** Study material **
========

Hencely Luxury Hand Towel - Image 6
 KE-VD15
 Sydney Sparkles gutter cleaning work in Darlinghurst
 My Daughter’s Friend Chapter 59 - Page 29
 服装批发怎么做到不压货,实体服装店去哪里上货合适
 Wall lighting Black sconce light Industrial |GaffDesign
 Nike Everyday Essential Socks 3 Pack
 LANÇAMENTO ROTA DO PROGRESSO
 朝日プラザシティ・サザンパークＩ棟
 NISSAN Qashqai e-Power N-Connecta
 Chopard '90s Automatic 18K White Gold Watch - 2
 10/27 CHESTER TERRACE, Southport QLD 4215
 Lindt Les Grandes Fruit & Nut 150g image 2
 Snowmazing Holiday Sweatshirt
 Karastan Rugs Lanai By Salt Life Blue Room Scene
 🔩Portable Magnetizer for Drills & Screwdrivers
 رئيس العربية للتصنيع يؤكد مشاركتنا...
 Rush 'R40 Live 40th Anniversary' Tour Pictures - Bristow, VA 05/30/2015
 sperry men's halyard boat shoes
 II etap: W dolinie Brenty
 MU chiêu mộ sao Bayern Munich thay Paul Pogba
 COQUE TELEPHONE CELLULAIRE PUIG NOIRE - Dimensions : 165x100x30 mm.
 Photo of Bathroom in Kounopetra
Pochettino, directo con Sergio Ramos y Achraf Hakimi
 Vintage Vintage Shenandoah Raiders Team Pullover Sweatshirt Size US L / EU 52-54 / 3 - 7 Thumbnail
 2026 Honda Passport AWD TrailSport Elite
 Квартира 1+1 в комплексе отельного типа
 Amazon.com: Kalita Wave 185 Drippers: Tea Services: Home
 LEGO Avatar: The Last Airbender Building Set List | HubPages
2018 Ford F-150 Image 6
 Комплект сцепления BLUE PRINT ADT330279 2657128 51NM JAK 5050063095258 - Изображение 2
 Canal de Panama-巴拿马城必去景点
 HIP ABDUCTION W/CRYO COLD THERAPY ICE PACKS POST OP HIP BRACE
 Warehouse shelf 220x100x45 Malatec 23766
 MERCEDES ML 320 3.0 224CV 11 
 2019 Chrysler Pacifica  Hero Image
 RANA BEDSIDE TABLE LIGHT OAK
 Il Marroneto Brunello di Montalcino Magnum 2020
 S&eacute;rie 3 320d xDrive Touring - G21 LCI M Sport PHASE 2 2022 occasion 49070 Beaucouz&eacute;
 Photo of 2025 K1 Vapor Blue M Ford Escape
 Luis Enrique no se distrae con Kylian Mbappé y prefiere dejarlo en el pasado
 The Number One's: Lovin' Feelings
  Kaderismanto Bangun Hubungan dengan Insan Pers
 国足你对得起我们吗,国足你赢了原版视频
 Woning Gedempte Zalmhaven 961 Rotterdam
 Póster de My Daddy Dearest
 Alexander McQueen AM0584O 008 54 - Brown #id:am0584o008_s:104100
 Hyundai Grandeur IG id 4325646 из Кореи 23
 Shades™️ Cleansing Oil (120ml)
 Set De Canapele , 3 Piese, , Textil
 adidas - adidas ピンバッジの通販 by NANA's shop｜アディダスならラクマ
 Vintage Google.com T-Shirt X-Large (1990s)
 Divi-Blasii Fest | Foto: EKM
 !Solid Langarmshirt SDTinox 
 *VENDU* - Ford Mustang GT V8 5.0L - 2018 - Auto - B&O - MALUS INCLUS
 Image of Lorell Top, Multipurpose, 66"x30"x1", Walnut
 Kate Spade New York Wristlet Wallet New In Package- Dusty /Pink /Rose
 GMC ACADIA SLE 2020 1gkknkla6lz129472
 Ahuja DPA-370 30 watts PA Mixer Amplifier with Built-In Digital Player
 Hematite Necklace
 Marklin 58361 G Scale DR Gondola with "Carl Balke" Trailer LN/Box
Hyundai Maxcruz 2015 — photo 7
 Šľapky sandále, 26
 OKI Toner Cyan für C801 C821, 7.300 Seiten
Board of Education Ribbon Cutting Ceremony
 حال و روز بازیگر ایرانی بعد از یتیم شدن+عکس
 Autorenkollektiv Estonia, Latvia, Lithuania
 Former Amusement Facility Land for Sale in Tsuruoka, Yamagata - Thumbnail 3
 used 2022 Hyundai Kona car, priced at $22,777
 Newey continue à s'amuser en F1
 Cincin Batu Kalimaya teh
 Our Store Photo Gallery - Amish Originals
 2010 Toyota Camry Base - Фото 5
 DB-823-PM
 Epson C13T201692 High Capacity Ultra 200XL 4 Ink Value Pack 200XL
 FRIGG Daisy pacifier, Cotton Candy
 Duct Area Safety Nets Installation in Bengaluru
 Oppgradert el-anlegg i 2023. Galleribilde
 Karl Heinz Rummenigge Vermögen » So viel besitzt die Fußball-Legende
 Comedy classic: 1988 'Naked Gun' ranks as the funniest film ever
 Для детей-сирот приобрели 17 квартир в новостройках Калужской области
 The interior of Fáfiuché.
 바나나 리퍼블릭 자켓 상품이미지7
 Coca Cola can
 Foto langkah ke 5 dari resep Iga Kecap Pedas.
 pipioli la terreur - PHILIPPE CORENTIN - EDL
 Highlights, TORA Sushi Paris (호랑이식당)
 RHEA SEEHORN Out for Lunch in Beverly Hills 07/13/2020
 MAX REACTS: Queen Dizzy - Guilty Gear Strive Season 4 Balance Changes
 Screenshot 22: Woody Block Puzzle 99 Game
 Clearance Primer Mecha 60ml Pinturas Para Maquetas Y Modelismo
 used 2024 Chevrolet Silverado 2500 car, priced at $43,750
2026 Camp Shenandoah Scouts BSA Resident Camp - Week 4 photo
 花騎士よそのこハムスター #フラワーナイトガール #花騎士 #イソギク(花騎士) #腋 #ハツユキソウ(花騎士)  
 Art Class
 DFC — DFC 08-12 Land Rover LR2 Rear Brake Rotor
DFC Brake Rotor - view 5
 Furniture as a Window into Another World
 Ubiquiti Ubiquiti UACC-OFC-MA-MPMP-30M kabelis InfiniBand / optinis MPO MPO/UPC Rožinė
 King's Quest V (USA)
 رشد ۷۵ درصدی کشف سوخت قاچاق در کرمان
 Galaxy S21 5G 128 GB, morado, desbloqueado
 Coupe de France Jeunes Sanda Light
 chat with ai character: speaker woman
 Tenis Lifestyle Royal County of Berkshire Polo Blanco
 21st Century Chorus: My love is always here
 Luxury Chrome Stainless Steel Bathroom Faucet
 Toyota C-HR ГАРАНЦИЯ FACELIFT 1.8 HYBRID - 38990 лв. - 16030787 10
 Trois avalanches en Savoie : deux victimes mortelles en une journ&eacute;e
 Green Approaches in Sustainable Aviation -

========

** Task objective **
Nothing should be left out when the listing is retyped exactly.

** Exercise response **
Hencely Luxury Hand Towel - Image 6
 KE-VD15
 Sydney Sparkles gutter cleaning work in Darlinghurst
 My Daughter’s Friend Chapter 59 - Page 29
 服装批发怎么做到不压货,实体服装店去哪里上货合适
 Wall lighting Black sconce light Industrial |GaffDesign
 Nike Everyday Essential Socks 3 Pack
 LANÇAMENTO ROTA DO PROGRESSO
 朝日プラザシティ・サザンパークＩ棟
 NISSAN Qashqai e-Power N-Connecta
 Chopard '90s Automatic 18K White Gold Watch - 2
 10/27 CHESTER TERRACE, Southport QLD 4215
 Lindt Les Grandes Fruit & Nut 150g image 2
 Snowmazing Holiday Sweatshirt
 Karastan Rugs Lanai By Salt Life Blue Room Scene
 🔩Portable Magnetizer for Drills & Screwdrivers
 رئيس العربية للتصنيع يؤكد مشاركتنا...
 Rush 'R40 Live 40th Anniversary' Tour Pictures - Bristow, VA 05/30/2015
 sperry men's halyard boat shoes
 II etap: W dolinie Brenty
 MU chiêu mộ sao Bayern Munich thay Paul Pogba
 COQUE TELEPHONE CELLULAIRE PUIG NOIRE - Dimensions : 165x100x30 mm.
 Photo of Bathroom in Kounopetra
Pochettino, directo con Sergio Ramos y Achraf Hakimi
 Vintage Vintage Shenandoah Raiders Team Pullover Sweatshirt Size US L / EU 52-54 / 3 - 7 Thumbnail
 2026 Honda Passport AWD TrailSport Elite
 Квартира 1+1 в комплексе отельного типа
 Amazon.com: Kalita Wave 185 Drippers: Tea Services: Home
 LEGO Avatar: The Last Airbender Building Set List | HubPages
2018 Ford F-150 Image 6
 Комплект сцепления BLUE PRINT ADT330279 2657128 51NM JAK 5050063095258 - Изображение 2
 Canal de Panama-巴拿马城必去景点
 HIP ABDUCTION W/CRYO COLD THERAPY ICE PACKS POST OP HIP BRACE
 Warehouse shelf 220x100x45 Malatec 23766
 MERCEDES ML 320 3.0 224CV 11 
 2019 Chrysler Pacifica  Hero Image
 RANA BEDSIDE TABLE LIGHT OAK
 Il Marroneto Brunello di Montalcino Magnum 2020
 S&eacute;rie 3 320d xDrive Touring - G21 LCI M Sport PHASE 2 2022 occasion 49070 Beaucouz&eacute;
 Photo of 2025 K1 Vapor Blue M Ford Escape
 Luis Enrique no se distrae con Kylian Mbappé y prefiere dejarlo en el pasado
 The Number One's: Lovin' Feelings
  Kaderismanto Bangun Hubungan dengan Insan Pers
 国足你对得起我们吗,国足你赢了原版视频
 Woning Gedempte Zalmhaven 961 Rotterdam
 Póster de My Daddy Dearest
 Alexander McQueen AM0584O 008 54 - Brown #id:am0584o008_s:104100
 Hyundai Grandeur IG id 4325646 из Кореи 23
 Shades™️ Cleansing Oil (120ml)
 Set De Canapele , 3 Piese, , Textil
 adidas - adidas ピンバッジの通販 by NANA's shop｜アディダスならラクマ
 Vintage Google.com T-Shirt X-Large (1990s)
 Divi-Blasii Fest | Foto: EKM
 !Solid Langarmshirt SDTinox 
 *VENDU* - Ford Mustang GT V8 5.0L - 2018 - Auto - B&O - MALUS INCLUS
 Image of Lorell Top, Multipurpose, 66"x30"x1", Walnut
 Kate Spade New York Wristlet Wallet New In Package- Dusty /Pink /Rose
 GMC ACADIA SLE 2020 1gkknkla6lz129472
 Ahuja DPA-370 30 watts PA Mixer Amplifier with Built-In Digital Player
 Hematite Necklace
 Marklin 58361 G Scale DR Gondola with "Carl Balke" Trailer LN/Box
Hyundai Maxcruz 2015 — photo 7
 Šľapky sandále, 26
 OKI Toner Cyan für C801 C821, 7.300 Seiten
Board of Education Ribbon Cutting Ceremony
 حال و روز بازیگر ایرانی بعد از یتیم شدن+عکس
 Autorenkollektiv Estonia, Latvia, Lithuania
 Former Amusement Facility Land for Sale in Tsuruoka, Yamagata - Thumbnail 3
 used 2022 Hyundai Kona car, priced at $22,777
 Newey continue à s'amuser en F1
 Cincin Batu Kalimaya teh
 Our Store Photo Gallery - Amish Originals
 2010 Toyota Camry Base - Фото 5
 DB-823-PM
 Epson C13T201692 High Capacity Ultra 200XL 4 Ink Value Pack 200XL
 FRIGG Daisy pacifier, Cotton Candy
 Duct Area Safety Nets Installation in Bengaluru
 Oppgradert el-anlegg i 2023. Galleribilde
 Karl Heinz Rummenigge Vermögen » So viel besitzt die Fußball-Legende
 Comedy classic: 1988 'Naked Gun' ranks as the funniest film ever
 Для детей-сирот приобрели 17 квартир в новостройках Калужской области
 The interior of Fáfiuché.
 바나나 리퍼블릭 자켓 상품이미지7
 Coca Cola can
 Foto langkah ke 5 dari resep Iga Kecap Pedas.
 pipioli la terreur - PHILIPPE CORENTIN - EDL
 Highlights, TORA Sushi Paris (호랑이식당)
 RHEA SEEHORN Out for Lunch in Beverly Hills 07/13/2020
 MAX REACTS: Queen Dizzy - Guilty Gear Strive Season 4 Balance Changes
 Screenshot 22: Woody Block Puzzle 99 Game
 Clearance Primer Mecha 60ml Pinturas Para Maquetas Y Modelismo
 used 2024 Chevrolet Silverado 2500 car, priced at $43,750
2026 Camp Shenandoah Scouts BSA Resident Camp - Week 4 photo
 花騎士よそのこハムスター #フラワーナイトガール #花騎士 #イソギク(花騎士) #腋 #ハツユキソウ(花騎士)  
 Art Class
 DFC — DFC 08-12 Land Rover LR2 Rear Brake Rotor
DFC Brake Rotor - view 5
 Furniture as a Window into Another World
 Ubiquiti Ubiquiti UACC-OFC-MA-MPMP-30M kabelis InfiniBand / optinis MPO MPO/UPC Rožinė
 King's Quest V (USA)
 رشد ۷۵ درصدی کشف سوخت قاچاق در کرمان
 Galaxy S21 5G 128 GB, morado, desbloqueado
 Coupe de France Jeunes Sanda Light
 chat with ai character: speaker woman
 Tenis Lifestyle Royal County of Berkshire Polo Blanco
 21st Century Chorus: My love is always here
 Luxury Chrome Stainless Steel Bathroom Faucet
 Toyota C-HR ГАРАНЦИЯ FACELIFT 1.8 HYBRID - 38990 лв. - 16030787 10
 Trois avalanches en Savoie : deux victimes mortelles en une journ&eacute;e
 Green Approaches in Sustainable Aviation -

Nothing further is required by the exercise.